If anything, my motivation didn’t disappear; it showed up late. My high school career didn’t start strong, and for a while, it felt like I was always trying to catch up. That part of my story, the rough beginning, is a different story on its own.
I was in a pit of missing assignments and always missing school. I would go pushing people away, so they didn’t see my lack of motivation. This didn’t just show up in school, but the sport I grew up doing: taekwondo. My excuse for not going to class was that I was busy with school, or I was worried about getting another concussion. In reality, I just wanted to hide at home.
But things didn’t stay that way. Over time, I started to make small changes that slowly added up. I began showing up more, turning in work more consistently, and holding myself a little more accountable each day. It wasn’t an instant switch but more like rebuilding piece by piece.

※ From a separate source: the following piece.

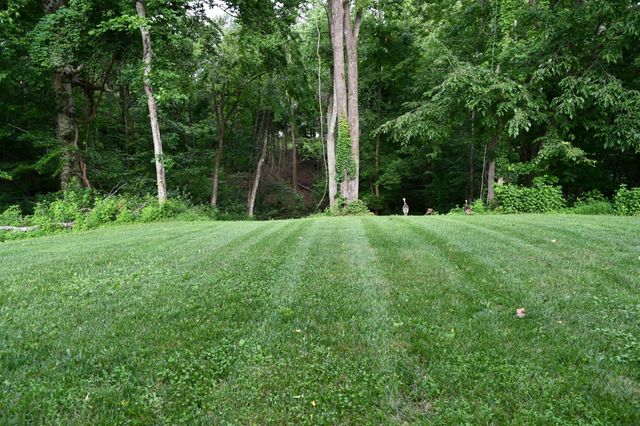 124 Grayson Ln, White House, TN 37188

Now my schedule is full of AP classes, and my grades are much better than they used to be. The work is harder, but I’ve learned how to actually face it instead of avoiding it. There are still stressful days, but they don’t stop me the way they used to. I’ve been free from self-harm for over two years, which is something I’m proud of, because it shows how much my mindset and habits have changed over time.
Looking back, I can see how much things have changed. What once felt like I was stuck in a cycle that I couldn’t get out of has turned into something I’ve been able to improve. I’ve learned that progress doesn’t happen all at once but through small choices that build over time.